If you automatically think the name of Winnipeg band The F-Holes stands for something rude, you wouldn’t be the first.

If you automatically think the name of Winnipeg band The F-Holes stands for something rude, you wouldn’t be the first.

The group’s string bassist Patrick Leclerc admitted with a laugh that he gets this a lot. He’s not sure if the assumption then naturally follows that The F-Holes play aggressive, in-your-face thrash, punk, heavy metal or grunge music.

“Sometimes I do see punks out in the audience. Maybe they’re actually at the wrong show!”

In fact, Leclerc’s band — which plays on Wednesday, Nov. 9, at The Hideout, south of Red Deer — is named for those swirly little cut-outs on violins or guitars (who knew they were called f-holes?).
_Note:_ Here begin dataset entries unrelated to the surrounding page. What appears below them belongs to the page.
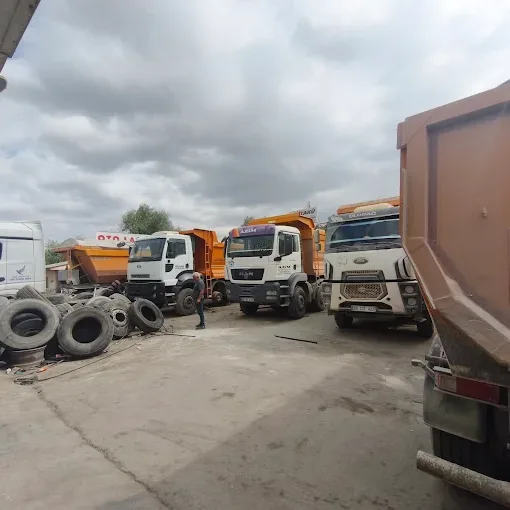 Şimşek Oto Lastik ve yol yardım servisi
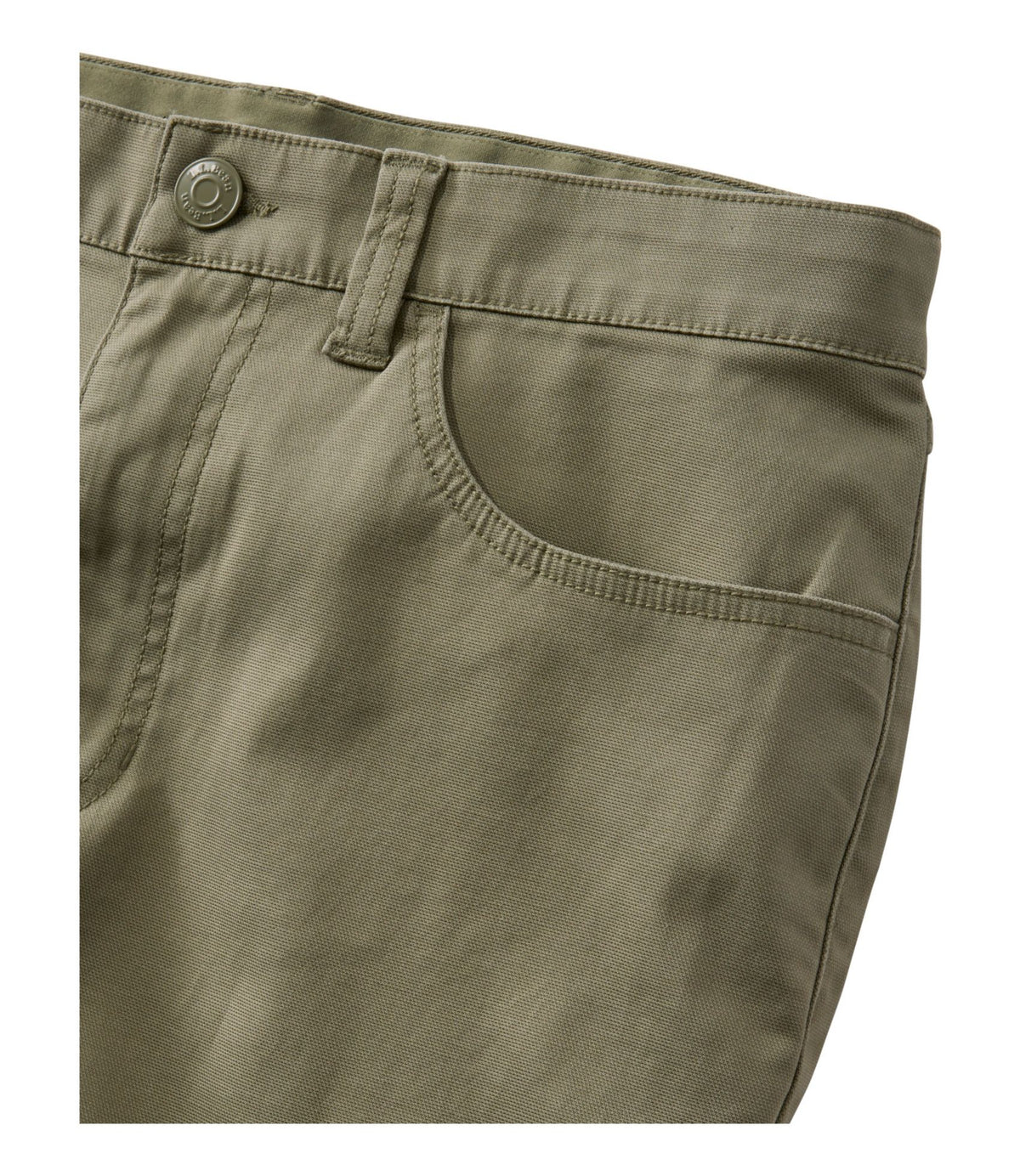 Men's BeanFlex® Performance Canvas Shorts, 9"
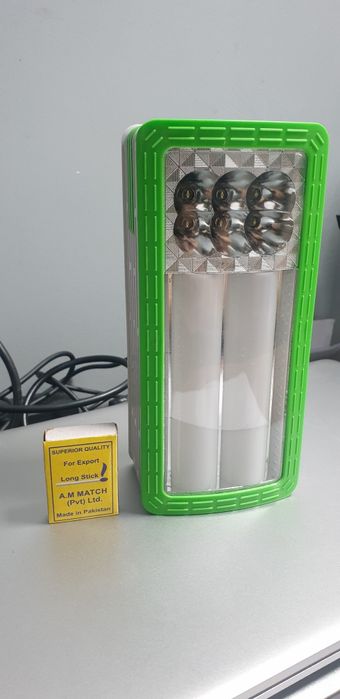 Фонарь походный большой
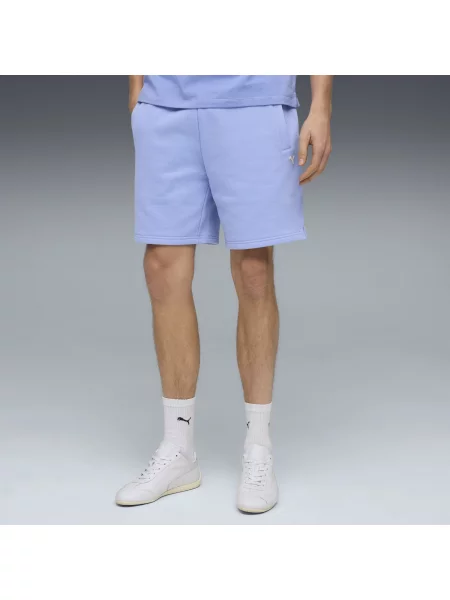 PUMA szorty Select Essentials Akcesoria S fioletowy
And the group plays a tunesome, rustic blend of folk and country that’s referred to as “Manitoba roots music.”

Leclerc said Louis Armstrong and John Prine were actually his greatest musical idols when he was a 15-or-16-year-old growing up in Ste. Anne, Man.
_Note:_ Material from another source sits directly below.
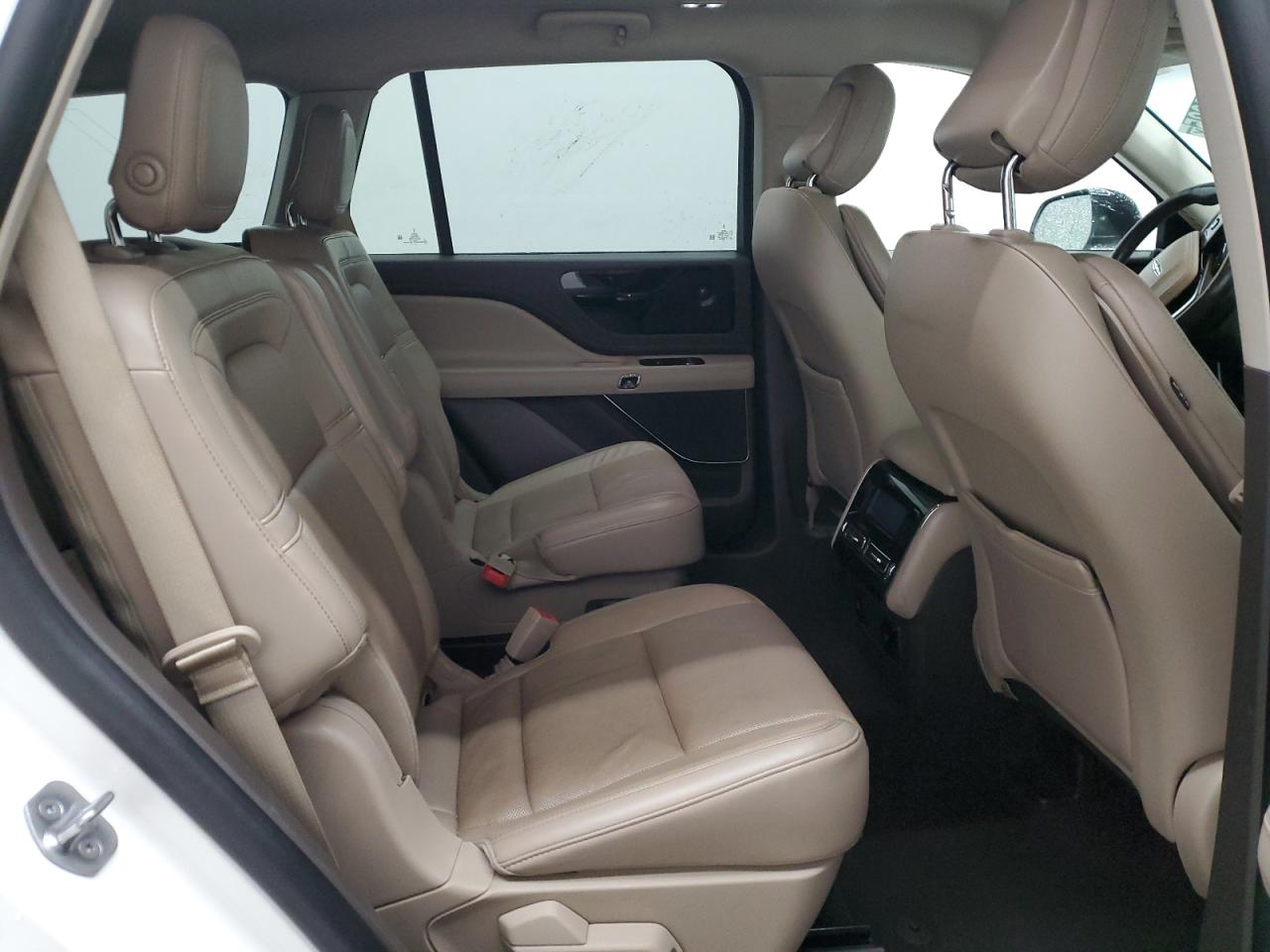 2020 Lincoln Aviator Reserve VIN: 5LM5J7WC0LGL22218 Lot: 84972925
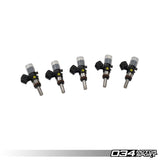 034 Motorsport - Audi 2.5 TFSI EVO DAZA LPI Fuel Injector Upgrade Kit - 034-106-3039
“I picked up this Louis Armstrong, Ella Fitzgerald CD and it just blew my mind, it was so expressive,” said the bassist and harmonica player, who is now about 30-years-old.
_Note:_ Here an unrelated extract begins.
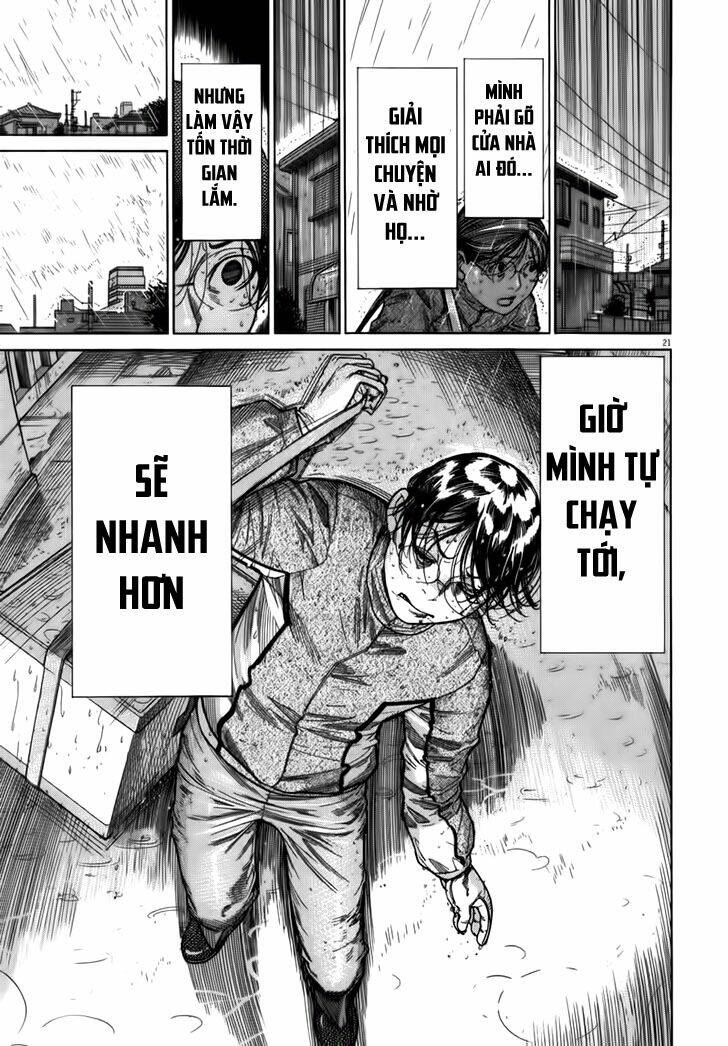 team medical dragon - y đội rồng chapter 126 21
All of the others musicians — guitarist/sax player Blake Thomson, banjo/steel guitarist Eric Lemoine, drummer Evan Friesen and trumpeter James McKee — bring various eclectic influences to a group that’s billed as being among five of the best live bands in Canada.

Leclerc explains that it’s one thing to blow the walls down in a club with “$3,000 of guitar gear.” It’s quite another for a band to “rock out” playing only acoustic instruments. “You can’t hide anything — what’s out there is very true. If you’re good enough, it’ll sound good.”

It’s funny then, to hear Leclerc describe his own proficiency at several string instruments as “enough to get by.”

He joked that he only took up music to get through the long Manitoba winters because he didn’t play hockey. “I’ve always been pretty stubborn, so I just did it. I didn’t realize that I didn’t have talent for many years.”

He concedes he did get better. But Leclerc still plinks out the original tunes he writes on the piano, rather than a guitar because “somehow it works better for me. I guess I’m more of a visual person.”

The F-Holes recently released their second album, Angel in the Corner. While the group’s debut was a hodgepodge of tunes the band gathered from playing at live venues, Leclerc said the songs on this latest one were written and selected specifically for the CD. “They are more personal.”

There’s a title song inspired by the “off-the-wall” stories Leclerc read by serio-comic American novelist Tom Robbins. He leaves that one open for interpretation. “I wouldn’t want to pigeon-hole that song.”

Another tune features a historic fugitive running through the winter cold from police, and there’s a cautionary tale about not sleeping with friends’ wives.

When asked to elaborate on the latter, Leclerc laughed and said “no comment” ­­— lest he incriminated himself or somebody else.